Popularized by the Lean Startup movement this “experimentation” approach is one we encourage clients to use.  It improves their odds on market entry and product development.

By way of example, we use a simplified consumer online golf business to explain the process. Below are the three steps in this quick, dirty but disciplined approach:

1. Document your challenge in a well-defined SMART way. For example, Can we build an online golf lesson business that will generate $100m revenue within 5 years?

To create depth and structure, document a list of subsidiary questions:

  • What is the profile of our ideal or sweet spot prospects?
  • Where is our measurable value?
  • What makes us different from the competition?
  • What price might they pay?
  • What is the available market size?

Debate, prioritize and select the highest priority question with your team. Use as selection criteria the potential impact of learning and ease of testing. Also consider which question poses the biggest risk, if we get the answer wrong. Surface assumptions and guard against bias.

In our golf lesson example, our highest priority question was ‘what is the profile of our ideal prospects?’ as without clarity; all other questions and opinions appear flaky.

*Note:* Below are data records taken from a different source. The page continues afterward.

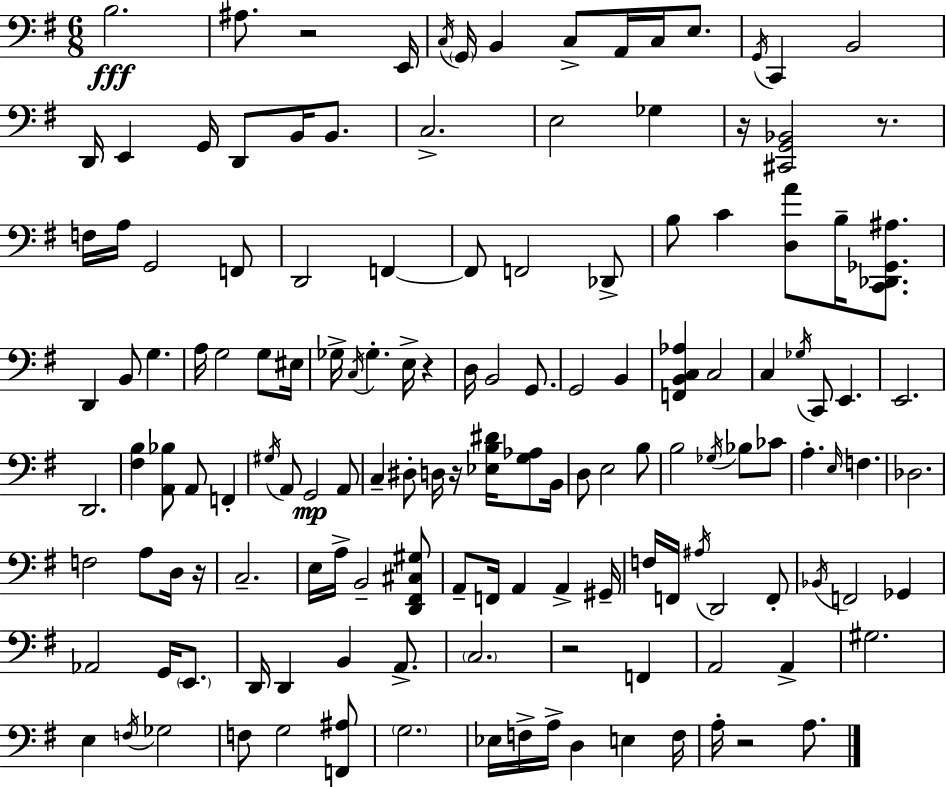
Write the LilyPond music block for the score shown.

{
  \clef bass
  \numericTimeSignature
  \time 6/8
  \key g \major
  b2.\fff | ais8. r2 e,16 | \acciaccatura { c16 } \parenthesize g,16 b,4 c8-> a,16 c16 e8. | \acciaccatura { g,16 } c,4 b,2 | \break d,16 e,4 g,16 d,8 b,16 b,8. | c2.-> | e2 ges4 | r16 <cis, g, bes,>2 r8. | \break f16 a16 g,2 | f,8 d,2 f,4~~ | f,8 f,2 | des,8-> b8 c'4 <d a'>8 b16-- <c, des, ges, ais>8. | \break d,4 b,8 g4. | a16 g2 g8 | eis16 ges16-> \acciaccatura { c16 } ges4.-. e16-> r4 | d16 b,2 | \break g,8. g,2 b,4 | <f, b, c aes>4 c2 | c4 \acciaccatura { ges16 } c,8 e,4. | e,2. | \break d,2. | <fis b>4 <a, bes>8 a,8 | f,4-. \acciaccatura { gis16 } a,8 g,2\mp | a,8 c4-- dis8-. d16 | \break r16 <ees b dis'>16 <g aes>8 b,16 d8 e2 | b8 b2 | \acciaccatura { ges16 } bes8 ces'8 a4.-. | \grace { e16 } f4. des2. | \break f2 | a8 d16 r16 c2.-- | e16 a16-> b,2-- | <d, fis, cis gis>8 a,8-- f,16 a,4 | \break a,4-> gis,16-- f16 f,16 \acciaccatura { ais16 } d,2 | f,8-. \acciaccatura { bes,16 } f,2 | ges,4 aes,2 | g,16 \parenthesize e,8. d,16 d,4 | \break b,4 a,8.-> \parenthesize c2. | r2 | f,4 a,2 | a,4-> gis2. | \break e4 | \acciaccatura { f16 } ges2 f8 | g2 <f, ais>8 \parenthesize g2. | ees16 f16-> | \break a16-> d4 e4 f16 a16-. r2 | a8. \bar "|."
}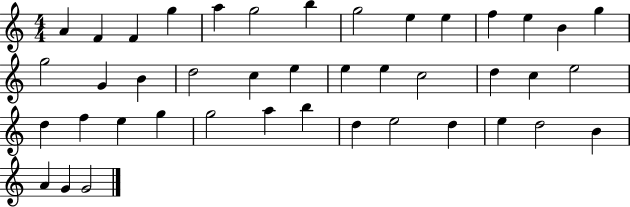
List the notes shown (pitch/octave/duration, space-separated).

A4/q F4/q F4/q G5/q A5/q G5/h B5/q G5/h E5/q E5/q F5/q E5/q B4/q G5/q G5/h G4/q B4/q D5/h C5/q E5/q E5/q E5/q C5/h D5/q C5/q E5/h D5/q F5/q E5/q G5/q G5/h A5/q B5/q D5/q E5/h D5/q E5/q D5/h B4/q A4/q G4/q G4/h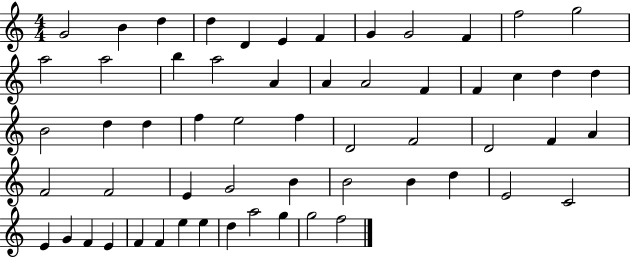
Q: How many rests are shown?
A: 0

2. Focus analysis on highest priority question (‘what is the profile of our ideal prospects?’). This was converted into a rigorous and testable hypothesis statement, documented and agreed by the team as follows:

We believe that wealthy males over 50 in Augusta, Georgia, with a handicap over 24 will be interested in purchasing web-based custom designed golf lessons.

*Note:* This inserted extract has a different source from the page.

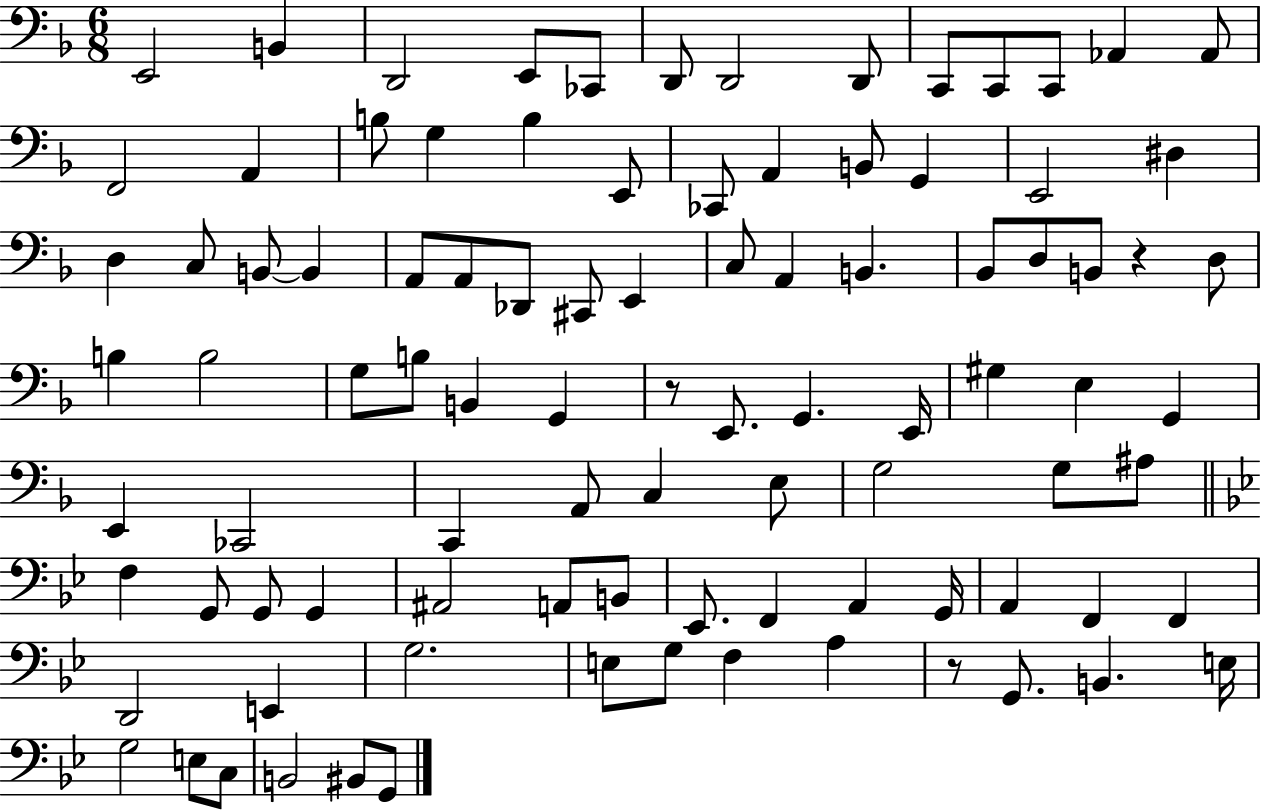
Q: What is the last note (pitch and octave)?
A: G2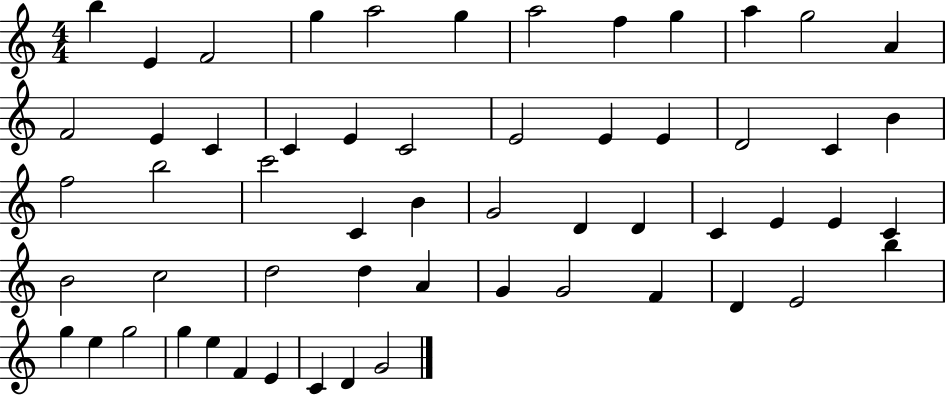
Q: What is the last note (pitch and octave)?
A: G4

We will establish this by running a free ‘video lesson’ test on the Golfers Monthly website and expect to collect 500 valid email addresses, that meet our target profile, in one week.

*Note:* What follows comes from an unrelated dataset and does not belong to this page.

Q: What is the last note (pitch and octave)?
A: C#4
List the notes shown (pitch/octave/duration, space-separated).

The use of the term ‘we believe’ makes the hypothesis bold. It also has clear metrics, which can be used to prove it either right or wrong.

Good hypotheses provide learning in days and weeks, rather than months.

3. Use quick, dirty but disciplined experiments. The golf example evolved into a video that enticed golfers to take a ‘swing diagnostic survey’ and give their email details in exchange for targeted advice. This video was linked to selected golf websites. Other experiments could have been used to test the hypothesis e.g. interviews at a driving range.

As well as requiring creativity, each test must provide actionable metrics that can be repeatedly measured. As tests are repeated and learning is captured, the variables can be changed, for example by making the ‘free offer’ more enticing or simplifying the way for golfers to provide their email addresses.

Experimentation requires ongoing commitment to rapid tweaking and action. It’s a mindset and a process, not just an event. It leads to fast learning that outstrips traditional approaches.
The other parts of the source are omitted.